Get ready for another round in local government's most rancorous ongoing scuffle. The Indianapolis Police Department's contract expires Dec. 31. The city and the police union are about to begin negotiations for a new agreement.
Both sides sound optimistic about the chances for a smooth process. But that could quickly change when they get into the nitty-gritty of wage proposals and concessions.
The parley over IPD's last contract took two years. At its nadir, the Fraternal Order of Police endorsed Mayor Bart Peterson's election opponent and demonstrated against him. Since then, the FOP has been a continual thorn in Peterson's side. Its opposition was one of the key factors that sunk the merger he proposed between IPD and the Marion County Sheriff's Department.
The city and FOP met once this fall, but mutually agreed to delay IPD contract negotiations until after the police merger question was settled. Sgt. Vince Huber, FOP Lodge 86 president, is pushing for a one-year contract with a 5-percent salary increase for every IPD officer. Indianapolis Corporation Counsel Kobi Wright hasn't finished crafting his counterproposal, but plans to have it ready when he meets Huber within the next few weeks.
In 2005, Indianapolis spent $95 million on IPD salaries and benefits, or 36 percent of its $260 million public safety budget. That's 18 percent of the $534 million city budget. A 5-percent wage increase would cost roughly another $4.7 million.
But with city coffers nearly empty, Wright doesn't have much flexibility for his offer. He said it will be made with the city's dire financial picture foremost in mind.

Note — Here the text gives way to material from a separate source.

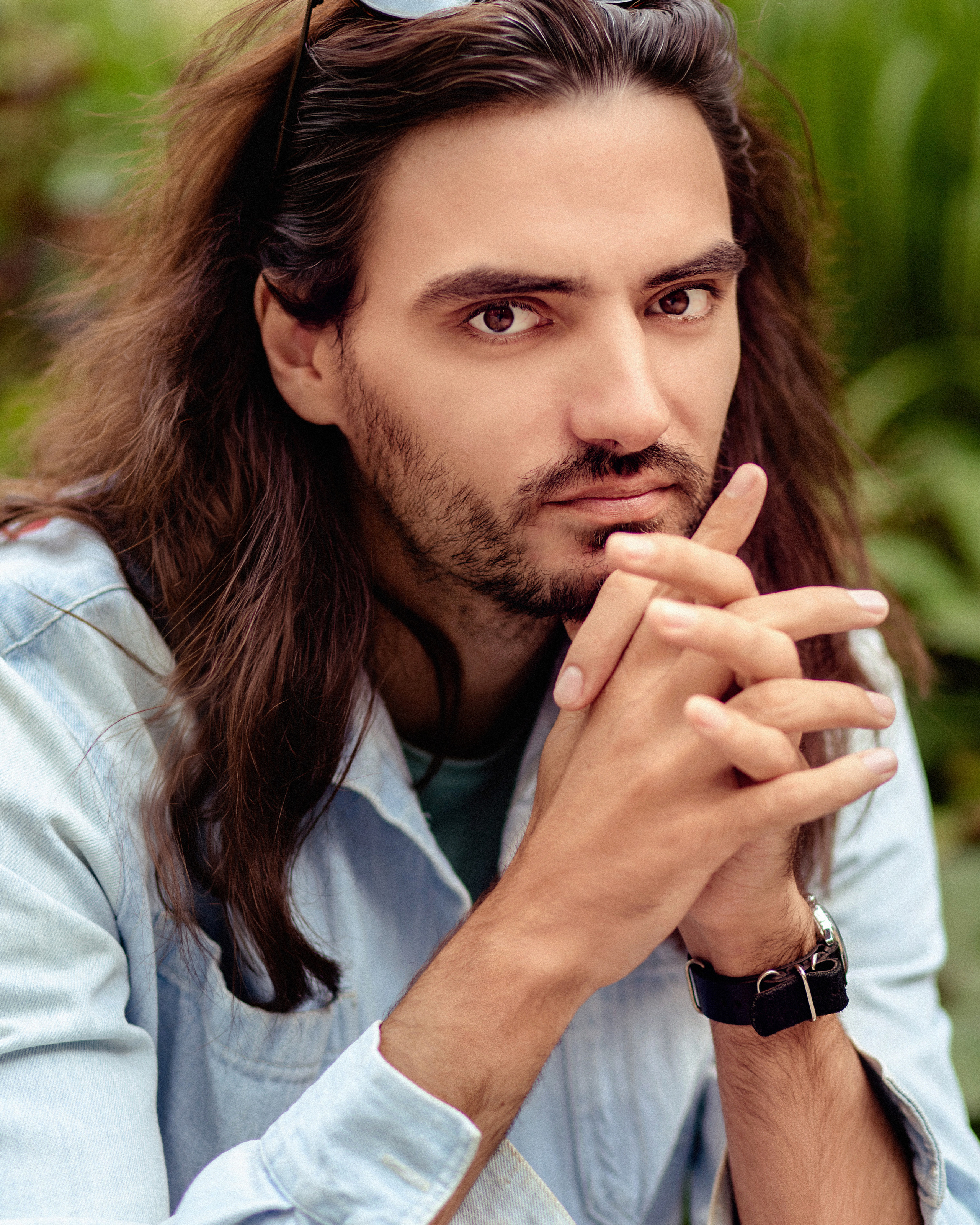 Станислав бизнесмен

"Obviously, we're going to have to consider the fiscal strength of the city as it relates to funding public safety. It's been well documented that's a real challenge," Wright said. "Hopefully, the FOP has been following, and I know that they have, the very long discussion that has occurred about our public safety funding challenges."
Financial shortfalls have already forced the city to leave 78, or 6.5 percent, of its 1,196 IPD positions unfilled after officers retired or quit. This summer, while lobbying for the police merger, Peterson warned he would have to cut another 48 cops if his plan failed, bringing total force reductions to more than 10 percent. But after the City-County Council voted down the plan 15-14 last month, Peterson backed away from that threat.

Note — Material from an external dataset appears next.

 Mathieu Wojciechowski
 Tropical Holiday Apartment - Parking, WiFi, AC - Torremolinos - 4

Huber said he wants to see IPD's ranks bolstered back to their former levels, as long as the 5-percent raises are across the board. He claims the city has plenty of untapped resources if it wants to prioritize public safety.
"We cannot afford to lose any more officers," Huber said. "The streets will not be safe."

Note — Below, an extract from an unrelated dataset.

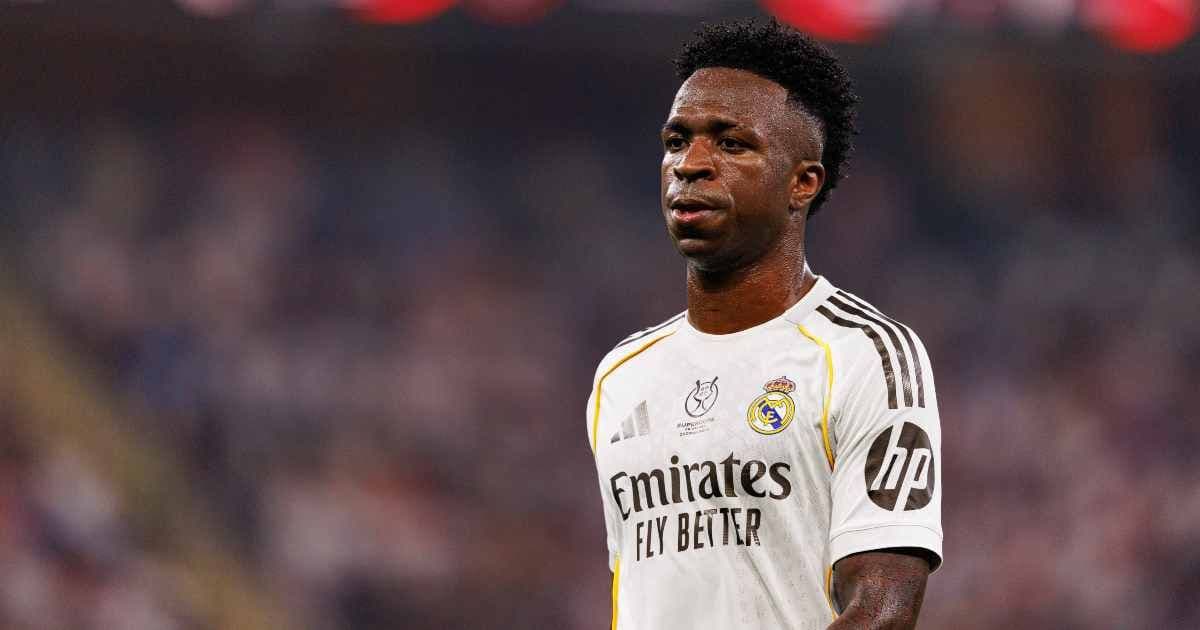 Clamoroso Vinícius-Arsenal: Arteta spinge per l'asso del Real Madrid, cifra monstre all'orizzonte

The FOP also has floated a number of other public safety revenue ideas over the years, from false alarm response fees to taxes on restaurants and hotels. Some of its ideas ended up in the mix that funded the new Colts stadium and convention center expansion. The FOP has repeatedly used that as ammunition in its argument that public safety isn't the city's highest priority.
"We're being very friendly and accommodating this time around. We realize that the city is having financial problems," Huber said. "Notice I didn't say hardships. Clearly, it's a question of priorities when the city and county can fund a multimillion-dollar stadium and convention center."
The IPD's current contract was a threeyear agreement, although by the time both sides signed it in early 2004, its term was almost halfway finished. As with previous contracts, if a new one isn't settled before the old one expires, an evergreen clause will keep cops on the job. Any wage or benefit increases will likely be retroactive once a new agreement is struck.
The FOP wants a one-year deal for IPD this time because it wants all three of the city's main public safety agencies to negotiate their next contracts simultaneously.
Parity clauses in previous MCSD and Indianapolis Fire Department contracts allowed those agencies to receive any additional raises or benefits IPD negotiated. The FOP has frequently complained that the other agencies left the hardest struggle for IPD, rather than face Peterson's ire themselves.
"We'd like to bargain for our members only, and not be given the excuse that not only do we have to give it to you, but to the IFD also," Huber said.
The FOP may also be anticipating that the police merger question will return in the second half of next year. There's a slim chance the City-County Council might revive the merger in January. But as far as the Peterson administration is concerned, it's time to move on.
"I'm operating on the presumption that consolidation, as proposed by the mayor, was defeated," Wright said. "It's now time for us to start moving forward with the negotiation."